Nächste Station: Riad
Noch im Lauf des Tages reist Steinmeier weiter nach Saudi-Arabien, wo er unter anderem König Salman sowie den Chef des Golfkooperationsrats, Abdellatif Sajani, treffen will. Im Bemühen um einen Frieden in Syrien erwartet der Außenminister dort ebenso wie zuvor im Iran "schwierige Gespräche". Er sei sicher, dass er "mit ähnlich gemischten Eindrücken aus Saudi-Arabien zurückkehren" werde, sagte der SPD-Politiker. Entscheidend sei in dieser Phase jedoch, "dass wir das Gespräch am Laufen halten". Als Ziel gab er an, als "Brückenbauer" dafür zu sorgen, dass sich die Länder, die für eine friedliche Lösung in Syrien wichtig sind, gemeinsam an einen Tisch setzen.

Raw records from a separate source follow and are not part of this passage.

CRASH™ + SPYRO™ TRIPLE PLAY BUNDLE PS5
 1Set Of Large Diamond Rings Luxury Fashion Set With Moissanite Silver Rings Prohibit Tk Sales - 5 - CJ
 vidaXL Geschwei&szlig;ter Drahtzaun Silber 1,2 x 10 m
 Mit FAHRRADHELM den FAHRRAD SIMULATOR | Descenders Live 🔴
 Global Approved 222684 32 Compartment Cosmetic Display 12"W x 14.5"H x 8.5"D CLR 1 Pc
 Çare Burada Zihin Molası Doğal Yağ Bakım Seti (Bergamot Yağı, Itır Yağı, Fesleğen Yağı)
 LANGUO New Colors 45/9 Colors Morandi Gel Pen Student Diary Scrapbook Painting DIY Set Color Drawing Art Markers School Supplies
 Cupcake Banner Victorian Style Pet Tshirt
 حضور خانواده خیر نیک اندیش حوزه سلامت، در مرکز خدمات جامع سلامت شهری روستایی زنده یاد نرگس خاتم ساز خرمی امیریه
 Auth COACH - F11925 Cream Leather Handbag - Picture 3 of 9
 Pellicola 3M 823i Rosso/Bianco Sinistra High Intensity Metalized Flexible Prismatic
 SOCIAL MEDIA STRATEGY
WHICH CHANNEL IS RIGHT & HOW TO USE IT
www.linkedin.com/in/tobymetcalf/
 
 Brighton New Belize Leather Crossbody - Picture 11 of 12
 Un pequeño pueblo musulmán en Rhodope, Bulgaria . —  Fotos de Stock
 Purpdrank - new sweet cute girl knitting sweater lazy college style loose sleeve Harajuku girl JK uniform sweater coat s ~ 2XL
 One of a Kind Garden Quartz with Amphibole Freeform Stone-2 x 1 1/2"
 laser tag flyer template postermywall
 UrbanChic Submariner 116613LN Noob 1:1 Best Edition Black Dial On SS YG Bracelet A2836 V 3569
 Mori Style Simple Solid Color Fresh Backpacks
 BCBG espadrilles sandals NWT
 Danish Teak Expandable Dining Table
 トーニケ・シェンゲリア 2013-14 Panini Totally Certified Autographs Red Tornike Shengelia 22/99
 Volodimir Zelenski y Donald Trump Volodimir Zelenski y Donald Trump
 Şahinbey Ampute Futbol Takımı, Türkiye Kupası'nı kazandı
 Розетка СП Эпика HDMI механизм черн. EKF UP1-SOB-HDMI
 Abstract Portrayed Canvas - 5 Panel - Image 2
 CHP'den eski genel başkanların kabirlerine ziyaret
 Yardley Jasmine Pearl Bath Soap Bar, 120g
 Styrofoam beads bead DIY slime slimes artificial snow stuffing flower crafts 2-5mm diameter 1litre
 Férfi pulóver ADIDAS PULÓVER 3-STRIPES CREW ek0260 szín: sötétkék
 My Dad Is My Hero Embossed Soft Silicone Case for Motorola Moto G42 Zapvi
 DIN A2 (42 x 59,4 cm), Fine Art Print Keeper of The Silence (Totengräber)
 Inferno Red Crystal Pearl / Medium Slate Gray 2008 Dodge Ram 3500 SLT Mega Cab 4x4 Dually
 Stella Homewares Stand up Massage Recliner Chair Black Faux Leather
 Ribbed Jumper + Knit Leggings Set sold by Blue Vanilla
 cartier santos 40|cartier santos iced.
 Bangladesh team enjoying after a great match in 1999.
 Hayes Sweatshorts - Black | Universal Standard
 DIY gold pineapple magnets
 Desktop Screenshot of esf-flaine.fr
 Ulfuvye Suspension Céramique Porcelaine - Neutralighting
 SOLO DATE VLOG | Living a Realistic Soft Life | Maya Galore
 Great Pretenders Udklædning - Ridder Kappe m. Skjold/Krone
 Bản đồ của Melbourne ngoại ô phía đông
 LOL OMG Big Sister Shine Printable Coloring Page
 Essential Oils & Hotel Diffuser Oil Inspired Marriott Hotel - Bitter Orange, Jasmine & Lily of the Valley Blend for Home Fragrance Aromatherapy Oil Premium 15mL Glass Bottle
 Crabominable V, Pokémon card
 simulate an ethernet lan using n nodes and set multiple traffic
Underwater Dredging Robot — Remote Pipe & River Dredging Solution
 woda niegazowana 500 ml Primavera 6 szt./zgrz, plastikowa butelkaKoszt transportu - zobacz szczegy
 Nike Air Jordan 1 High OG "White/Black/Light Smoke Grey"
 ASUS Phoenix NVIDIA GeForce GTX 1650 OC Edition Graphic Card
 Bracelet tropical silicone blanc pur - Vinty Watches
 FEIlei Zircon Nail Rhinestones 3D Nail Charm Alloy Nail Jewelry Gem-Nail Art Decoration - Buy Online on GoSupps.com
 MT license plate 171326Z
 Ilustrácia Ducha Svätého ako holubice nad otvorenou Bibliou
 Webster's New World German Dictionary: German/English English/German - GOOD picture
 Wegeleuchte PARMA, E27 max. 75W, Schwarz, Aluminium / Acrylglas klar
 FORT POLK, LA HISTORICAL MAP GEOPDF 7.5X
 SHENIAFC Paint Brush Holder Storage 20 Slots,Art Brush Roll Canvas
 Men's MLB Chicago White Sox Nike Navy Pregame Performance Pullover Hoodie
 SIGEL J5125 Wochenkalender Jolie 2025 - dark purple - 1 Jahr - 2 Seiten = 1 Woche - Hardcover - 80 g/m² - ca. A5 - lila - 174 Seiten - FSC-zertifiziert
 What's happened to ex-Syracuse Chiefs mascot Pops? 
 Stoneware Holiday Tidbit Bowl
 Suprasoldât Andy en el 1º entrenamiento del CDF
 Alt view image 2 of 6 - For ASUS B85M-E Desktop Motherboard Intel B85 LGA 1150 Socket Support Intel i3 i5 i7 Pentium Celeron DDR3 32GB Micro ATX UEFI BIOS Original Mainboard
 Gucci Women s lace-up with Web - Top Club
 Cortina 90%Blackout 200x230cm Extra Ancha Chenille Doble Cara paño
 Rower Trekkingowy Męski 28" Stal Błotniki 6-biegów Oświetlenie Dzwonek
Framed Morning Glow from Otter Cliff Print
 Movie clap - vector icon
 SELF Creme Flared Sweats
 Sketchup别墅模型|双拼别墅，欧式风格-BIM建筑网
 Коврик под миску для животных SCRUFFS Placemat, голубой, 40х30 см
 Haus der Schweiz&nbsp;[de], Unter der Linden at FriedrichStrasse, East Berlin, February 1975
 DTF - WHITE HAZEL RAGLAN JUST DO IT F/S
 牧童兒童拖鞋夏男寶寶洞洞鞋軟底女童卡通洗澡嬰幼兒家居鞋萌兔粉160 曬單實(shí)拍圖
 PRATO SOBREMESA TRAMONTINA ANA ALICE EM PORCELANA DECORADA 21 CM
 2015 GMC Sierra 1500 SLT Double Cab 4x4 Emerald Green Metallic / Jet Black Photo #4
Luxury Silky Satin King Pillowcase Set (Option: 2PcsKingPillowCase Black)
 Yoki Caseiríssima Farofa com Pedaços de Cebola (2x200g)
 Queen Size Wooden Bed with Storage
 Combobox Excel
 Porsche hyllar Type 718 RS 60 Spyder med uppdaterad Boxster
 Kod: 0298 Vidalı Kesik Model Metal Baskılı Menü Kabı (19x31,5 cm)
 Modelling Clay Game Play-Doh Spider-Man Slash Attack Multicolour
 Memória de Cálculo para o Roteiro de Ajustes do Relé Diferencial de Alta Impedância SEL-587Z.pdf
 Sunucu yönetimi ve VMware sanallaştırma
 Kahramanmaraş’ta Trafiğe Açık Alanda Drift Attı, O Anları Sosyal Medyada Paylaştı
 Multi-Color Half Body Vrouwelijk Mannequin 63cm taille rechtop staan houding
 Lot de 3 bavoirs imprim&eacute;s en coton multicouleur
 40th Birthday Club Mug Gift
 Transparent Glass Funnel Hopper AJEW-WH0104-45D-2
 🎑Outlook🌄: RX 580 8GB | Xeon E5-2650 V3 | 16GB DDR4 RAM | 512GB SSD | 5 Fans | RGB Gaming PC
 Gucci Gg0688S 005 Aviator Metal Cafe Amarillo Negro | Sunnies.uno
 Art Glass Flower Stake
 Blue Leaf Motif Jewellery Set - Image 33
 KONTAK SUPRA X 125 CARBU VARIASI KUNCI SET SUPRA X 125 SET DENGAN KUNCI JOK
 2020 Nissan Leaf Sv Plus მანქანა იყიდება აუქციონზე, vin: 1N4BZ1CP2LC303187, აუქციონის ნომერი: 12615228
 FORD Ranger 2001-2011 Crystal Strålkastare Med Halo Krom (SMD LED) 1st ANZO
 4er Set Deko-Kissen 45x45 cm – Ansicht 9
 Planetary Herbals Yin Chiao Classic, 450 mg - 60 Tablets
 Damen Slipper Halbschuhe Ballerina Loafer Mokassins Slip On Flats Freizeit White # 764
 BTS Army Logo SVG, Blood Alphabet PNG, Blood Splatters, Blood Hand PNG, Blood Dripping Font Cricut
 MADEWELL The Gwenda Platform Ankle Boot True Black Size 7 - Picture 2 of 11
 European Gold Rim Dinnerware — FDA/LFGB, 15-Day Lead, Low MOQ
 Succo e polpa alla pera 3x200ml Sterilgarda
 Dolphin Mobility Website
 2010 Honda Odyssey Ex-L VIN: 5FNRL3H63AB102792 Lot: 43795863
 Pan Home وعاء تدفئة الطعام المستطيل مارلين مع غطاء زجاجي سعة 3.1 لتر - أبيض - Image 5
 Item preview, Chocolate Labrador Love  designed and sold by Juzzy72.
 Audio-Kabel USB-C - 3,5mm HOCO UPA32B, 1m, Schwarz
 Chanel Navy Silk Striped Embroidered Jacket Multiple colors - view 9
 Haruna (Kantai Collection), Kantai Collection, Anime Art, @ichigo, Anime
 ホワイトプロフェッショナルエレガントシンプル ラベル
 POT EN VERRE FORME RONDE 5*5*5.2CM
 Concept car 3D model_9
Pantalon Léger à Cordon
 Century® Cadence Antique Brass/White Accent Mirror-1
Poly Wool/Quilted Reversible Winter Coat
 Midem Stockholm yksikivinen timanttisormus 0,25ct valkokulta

Zu den Schlüsselstaaten in dem Konflikt gehört der Iran, da das Land den syrischen Machthaber Baschar al-Assad unterstützt. Saudi-Arabien hilft hingegen den gegen Assad kämpfenden Rebellen und geht mit Luftangriffen gegen die Terrormiliz "Islamischer Staat" (IS) vor. Die beiden Kontrahenten lehnen direkte Gespräche entscheiden ab.